BEGIN RECORDS SUPPLIED

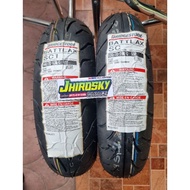 Bridgestone Battlax Tires for Pcx160 / Nmax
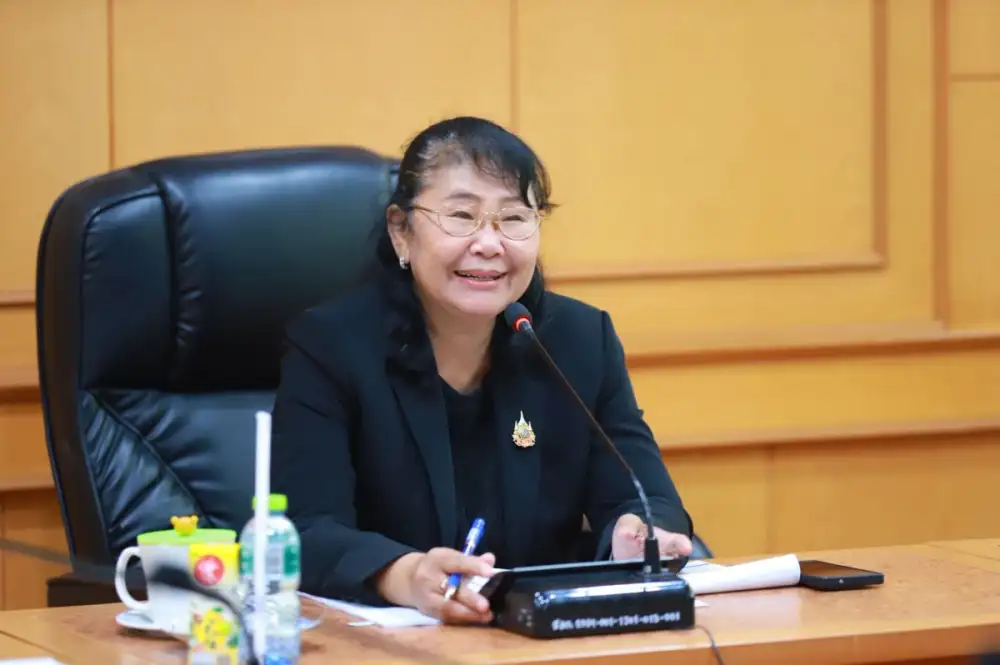 กรมส่งเสริมการเกษตร จับมือ 6 เขตเกษตรไทย หารือการพัฒนาเว็บไซต์ของกรมส่งเสริมการเกษตร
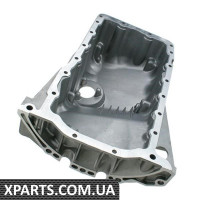 Масляный поддон двигателя (B5 1.8T, AWM / AUG, Оригинал) VAG 06B103601CA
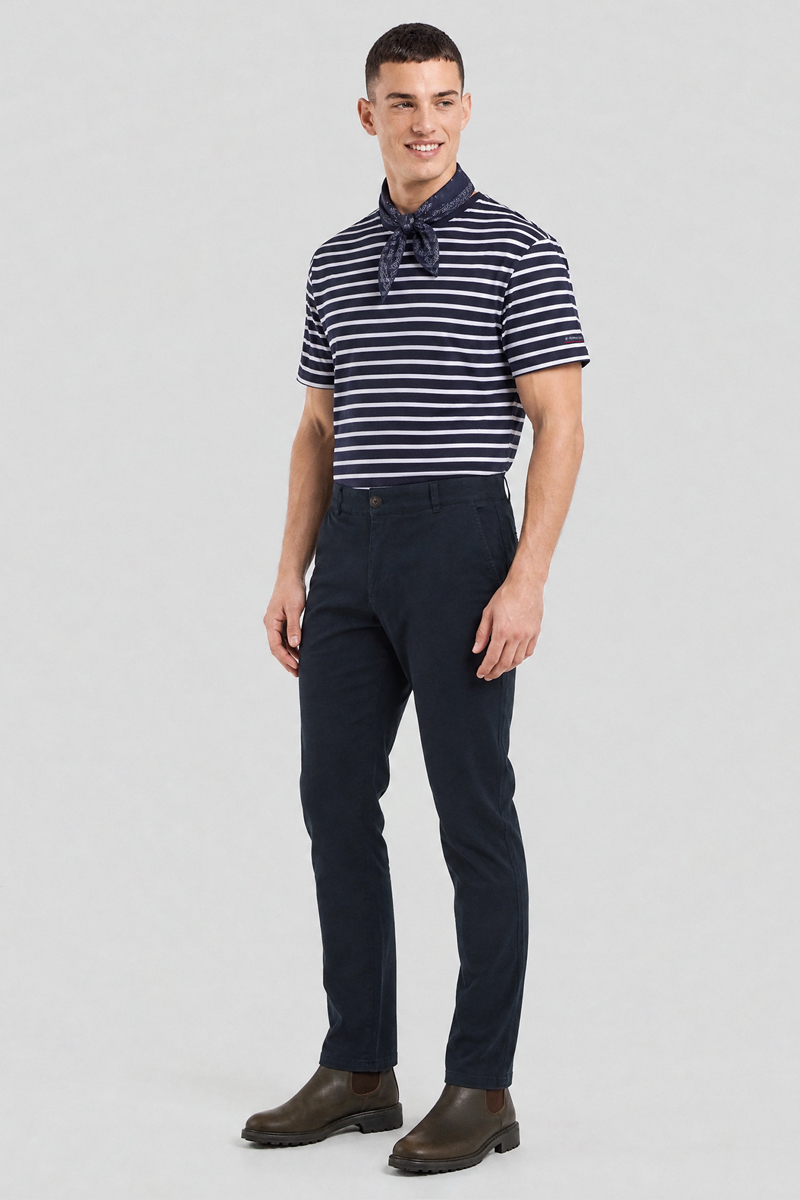 Chino DECK, BERMUDES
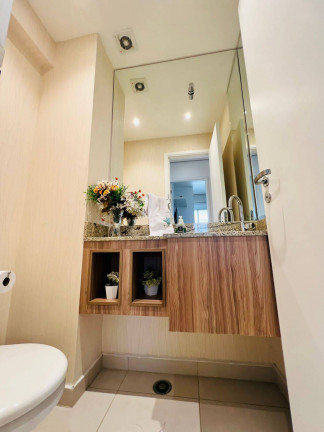 Imagem Apartamento com 3 Quartos à Venda, 110 m² em Alphaville - Santana De Parnaíba Imagem Apartamento com 3 Quartos à Venda, 110 m² em Alphaville - Santana De Parnaíba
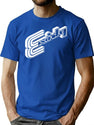 Exidy Bootleg Graphic T-Shirt - Blue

END RECORDS SUPPLIED

WHAT TO DO: The line containing "กรมส่งเสริมการเกษตร จับมือ 6" and every line after it, up to the last line of the data, should be returned exactly, without the pictures.

SOLUTION:
 กรมส่งเสริมการเกษตร จับมือ 6 เขตเกษตรไทย หารือการพัฒนาเว็บไซต์ของกรมส่งเสริมการเกษตร
 Масляный поддон двигателя (B5 1.8T, AWM / AUG, Оригинал) VAG 06B103601CA
 Chino DECK, BERMUDES
 Imagem Apartamento com 3 Quartos à Venda, 110 m² em Alphaville - Santana De Parnaíba Imagem Apartamento com 3 Quartos à Venda, 110 m² em Alphaville - Santana De Parnaíba
 Exidy Bootleg Graphic T-Shirt - Blue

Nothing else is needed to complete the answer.